小説の中に出てきたイトキンビルはなかったし、職安という言葉が古くなったのかハローワークになっていた。この物語はふたりのタクシードライバーの話だから、歩いている私と物語の速度がぜんぜん違うな、と思う。
頭の中にあったその公園と、実際の公園もまったく違っていた。自分の想像って、自分の経験を超えないんだ。でも、だからこそこびりつくんだ。
実物を見たあとでもどっちの公園も頭から消えない。
帰り道に歩いたレインボーブリッジから見た海の色が、橋に分離されて色がまったく違って見えたみたいに。
話しは変わるけれど、
noteに小説をアップするっていう行為は不思議だ。
ネットは存在しない、ネットはオタク、ネットが必須っていう三世代を生きて、自分が書いてきた大半はその真ん中あたりで、今も書いているけれども、今までは誰に捧げるって、下読みをしてくれるであろう出版社の人に向けて書いていたから。

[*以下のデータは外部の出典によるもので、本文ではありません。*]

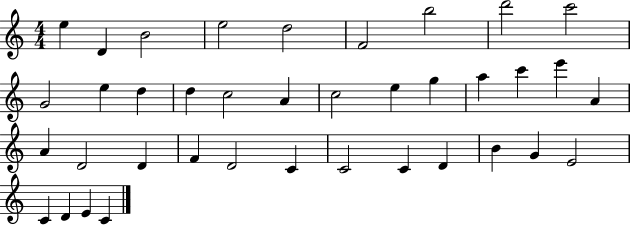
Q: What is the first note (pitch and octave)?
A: E5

そのころの小説は黙って死んでから自分のところに帰ってきた。なんて言ったら大袈裟でセンチな感じになるな。
それから私はそれに何回手を入れたかわからない。推敲しすぎるこの悪癖は治らない。楽しくはないけれども、きっと好きなんだろう。
この間ファイルをひとつなくしたと思ったら、なんのことはない、二行くらいだけ生かして別の物語の中に入り込んでいた。
noteに書けてよかったなと思うのは、自分が一生懸命書いたもんが昇華したとかじゃなくて(一生懸命書いたことに格別意味はないと思うし)、長いこと黙って私の家にいた小説が、ひらりと出ていってくれたことがよかったよかった。
たとえば毎日歩く道の、喫茶店のドアの、ドアノブみたいな存在になってくれたから。私はそれを、ああ、そこにいるなと思ってただ見ているから。
それにしても、いい加減ファイル整理をしないと年を取りすぎてしまう。「怪談レストラン補助」「怪談レストランまとめ」「怪談レストラン印刷用」「怪談レストランメモ」といった具合にいつもテキストが増殖しているんだが、それに直しを入れたりくっつけたり離したりするから、永遠に終わらない。
みなさんは、何か書くたびにちゃんとファイリングしてますか?
追記。高所恐怖症なんでレインボーブリッジまじ怖かったけどまじきれいでした。でも陸地まじバンザイって思いました。